Cerita Tiga
Anak-anak berseragam celana biru kemeja putih itu berkelompok di tepi jalan. Ada yang duduk, sebagian sibuk dengan gawai, sebagian asik mengobrol. Lokasi mereka hang out sebuah warung tenda yang menyedian meja dan tempat duduk.
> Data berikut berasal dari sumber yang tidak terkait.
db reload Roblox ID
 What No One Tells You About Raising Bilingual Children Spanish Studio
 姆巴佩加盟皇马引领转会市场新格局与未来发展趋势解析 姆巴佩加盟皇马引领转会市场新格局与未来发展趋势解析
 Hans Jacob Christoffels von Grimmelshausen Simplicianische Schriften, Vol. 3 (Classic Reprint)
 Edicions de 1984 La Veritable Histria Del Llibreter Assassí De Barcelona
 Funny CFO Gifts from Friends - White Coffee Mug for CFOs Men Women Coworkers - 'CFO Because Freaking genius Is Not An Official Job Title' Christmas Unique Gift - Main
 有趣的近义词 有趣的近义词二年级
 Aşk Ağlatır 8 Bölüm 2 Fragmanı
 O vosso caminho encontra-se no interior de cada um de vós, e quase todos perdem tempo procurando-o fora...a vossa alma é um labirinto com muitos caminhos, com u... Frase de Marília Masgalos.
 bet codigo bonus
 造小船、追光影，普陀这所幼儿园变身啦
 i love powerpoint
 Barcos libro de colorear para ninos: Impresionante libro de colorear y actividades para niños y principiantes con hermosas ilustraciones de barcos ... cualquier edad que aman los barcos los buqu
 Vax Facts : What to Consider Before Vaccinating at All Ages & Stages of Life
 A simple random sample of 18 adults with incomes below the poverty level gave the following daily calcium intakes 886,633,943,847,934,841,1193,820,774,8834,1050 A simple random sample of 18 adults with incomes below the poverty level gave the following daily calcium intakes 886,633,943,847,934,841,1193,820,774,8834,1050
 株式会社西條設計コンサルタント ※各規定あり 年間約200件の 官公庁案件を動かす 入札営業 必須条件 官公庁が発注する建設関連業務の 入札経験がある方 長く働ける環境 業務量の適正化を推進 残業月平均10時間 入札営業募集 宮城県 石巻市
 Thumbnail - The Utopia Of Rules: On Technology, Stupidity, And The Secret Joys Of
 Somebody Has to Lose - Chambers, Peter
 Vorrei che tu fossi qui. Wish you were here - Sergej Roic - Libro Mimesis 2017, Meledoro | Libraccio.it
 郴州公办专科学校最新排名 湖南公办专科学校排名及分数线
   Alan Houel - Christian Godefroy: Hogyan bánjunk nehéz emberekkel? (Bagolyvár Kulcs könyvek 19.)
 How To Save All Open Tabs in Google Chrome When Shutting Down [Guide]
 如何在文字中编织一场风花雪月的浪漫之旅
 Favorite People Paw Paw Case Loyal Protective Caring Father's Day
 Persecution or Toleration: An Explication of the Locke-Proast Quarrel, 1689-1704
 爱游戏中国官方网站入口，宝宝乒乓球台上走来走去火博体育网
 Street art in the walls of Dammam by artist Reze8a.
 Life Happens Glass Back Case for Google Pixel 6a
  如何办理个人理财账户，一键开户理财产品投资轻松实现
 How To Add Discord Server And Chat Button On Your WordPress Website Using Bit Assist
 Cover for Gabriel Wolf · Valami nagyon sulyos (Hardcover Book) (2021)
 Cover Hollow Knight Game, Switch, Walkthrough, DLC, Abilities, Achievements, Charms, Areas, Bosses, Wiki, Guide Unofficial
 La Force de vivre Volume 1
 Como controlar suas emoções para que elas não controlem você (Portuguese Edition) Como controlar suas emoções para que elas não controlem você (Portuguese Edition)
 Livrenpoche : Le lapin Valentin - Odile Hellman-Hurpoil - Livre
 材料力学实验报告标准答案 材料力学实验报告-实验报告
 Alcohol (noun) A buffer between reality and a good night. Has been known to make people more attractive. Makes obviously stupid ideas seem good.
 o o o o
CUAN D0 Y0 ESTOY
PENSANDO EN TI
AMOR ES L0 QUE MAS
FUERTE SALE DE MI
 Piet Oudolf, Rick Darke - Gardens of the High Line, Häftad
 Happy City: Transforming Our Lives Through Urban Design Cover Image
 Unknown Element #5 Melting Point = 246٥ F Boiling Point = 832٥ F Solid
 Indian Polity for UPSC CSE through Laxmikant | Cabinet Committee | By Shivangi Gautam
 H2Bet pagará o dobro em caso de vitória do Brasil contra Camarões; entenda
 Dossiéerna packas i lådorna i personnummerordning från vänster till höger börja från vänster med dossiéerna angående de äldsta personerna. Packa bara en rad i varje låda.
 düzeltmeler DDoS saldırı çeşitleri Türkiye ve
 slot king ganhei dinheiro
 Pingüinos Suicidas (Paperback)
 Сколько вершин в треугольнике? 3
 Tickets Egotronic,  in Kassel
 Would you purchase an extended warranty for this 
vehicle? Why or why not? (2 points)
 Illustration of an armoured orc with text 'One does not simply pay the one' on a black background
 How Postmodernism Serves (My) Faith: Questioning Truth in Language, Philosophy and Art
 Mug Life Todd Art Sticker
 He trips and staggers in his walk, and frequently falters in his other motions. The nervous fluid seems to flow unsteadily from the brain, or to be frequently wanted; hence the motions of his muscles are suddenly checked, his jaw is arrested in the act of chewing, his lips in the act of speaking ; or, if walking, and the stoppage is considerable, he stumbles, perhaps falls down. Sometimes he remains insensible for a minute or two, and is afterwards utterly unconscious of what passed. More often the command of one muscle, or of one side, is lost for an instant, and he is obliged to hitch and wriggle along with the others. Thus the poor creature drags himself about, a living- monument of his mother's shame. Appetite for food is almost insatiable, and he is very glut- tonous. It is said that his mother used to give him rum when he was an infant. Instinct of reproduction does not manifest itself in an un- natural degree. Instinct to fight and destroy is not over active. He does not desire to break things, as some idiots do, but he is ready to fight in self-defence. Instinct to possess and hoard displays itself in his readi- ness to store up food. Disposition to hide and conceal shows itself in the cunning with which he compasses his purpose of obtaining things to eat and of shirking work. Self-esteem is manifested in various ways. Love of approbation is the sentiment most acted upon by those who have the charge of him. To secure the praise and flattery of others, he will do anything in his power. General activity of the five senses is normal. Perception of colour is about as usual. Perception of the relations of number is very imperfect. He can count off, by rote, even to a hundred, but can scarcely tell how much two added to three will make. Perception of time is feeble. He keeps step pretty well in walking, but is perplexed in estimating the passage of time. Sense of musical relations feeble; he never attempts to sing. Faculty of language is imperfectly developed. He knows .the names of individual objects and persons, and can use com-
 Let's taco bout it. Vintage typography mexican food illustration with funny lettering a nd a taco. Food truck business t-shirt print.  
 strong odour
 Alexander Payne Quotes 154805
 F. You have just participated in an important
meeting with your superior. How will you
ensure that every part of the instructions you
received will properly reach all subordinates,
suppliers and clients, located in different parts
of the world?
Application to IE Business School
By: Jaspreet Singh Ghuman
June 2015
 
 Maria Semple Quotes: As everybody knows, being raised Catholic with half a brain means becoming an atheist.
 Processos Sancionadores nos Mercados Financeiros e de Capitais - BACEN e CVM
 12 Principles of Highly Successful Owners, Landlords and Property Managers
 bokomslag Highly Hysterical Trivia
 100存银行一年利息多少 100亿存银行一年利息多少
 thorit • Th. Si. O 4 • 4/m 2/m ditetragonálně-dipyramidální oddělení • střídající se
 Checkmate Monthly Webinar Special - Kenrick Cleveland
Tak lama kemudian, sekelompok anak-anak lainnya menghampiri dengan teriakan-teriakan kebencian dan ejekan yang tak pantas diucapkan anak-anak seusia mereka. Kedua lalu berseteru saling ejek sebelum terjadi bentrokan fisik.
Perkelahian tak terhindarkan. Kedua kelompok yang sebelumnya sudah saling ejek di media sosial kini bertemu langsung.Â
Perkelahian antar kelompok pelajar kerap terjadi yang sering menimbulkan korban luka hingga korban nyawa.
Kelompok anak-anak yang dalam pergaulan sosialnya telah memiliki masalah, bahkan masing masing anak sudah membawa masalah. Maka masalah mengerikan akhirnya muncul. Geng-geng bandit kecil bermunculan.
Tak ada ruang untuk aktifitas kreatif, tak ada ruang positif yang mereka temui. Tak ada pendampingan untuk anak-anak yang telah memiliki masalah. Pembiaran yang akhirnya menjelma menjadi monster jalanan.
Tiga Hal yang Harus Dilakukan
Tiga cerita di atas sebenarnya belum mewakili apa yang seluruhnya terjadi pada anak-anak di Indonesia. Masih banyak cerita yang lebih miris dan membuat kita tak habis pikir.Â
Di Blitar, banyak anak mengajukan pernikahan dini. Bila itu terjadi anak akan melahirkan anak.
Belum lagi kisah miris pekerja anak, prostitusi anak, penyalahgunaan zat adiktif pada anak dan problem anak lainnya. Seperti fenomena gunung es, masalah yang sebenarnya terjadi bisa jadi jauh lebih besar dan lebih menakutkan.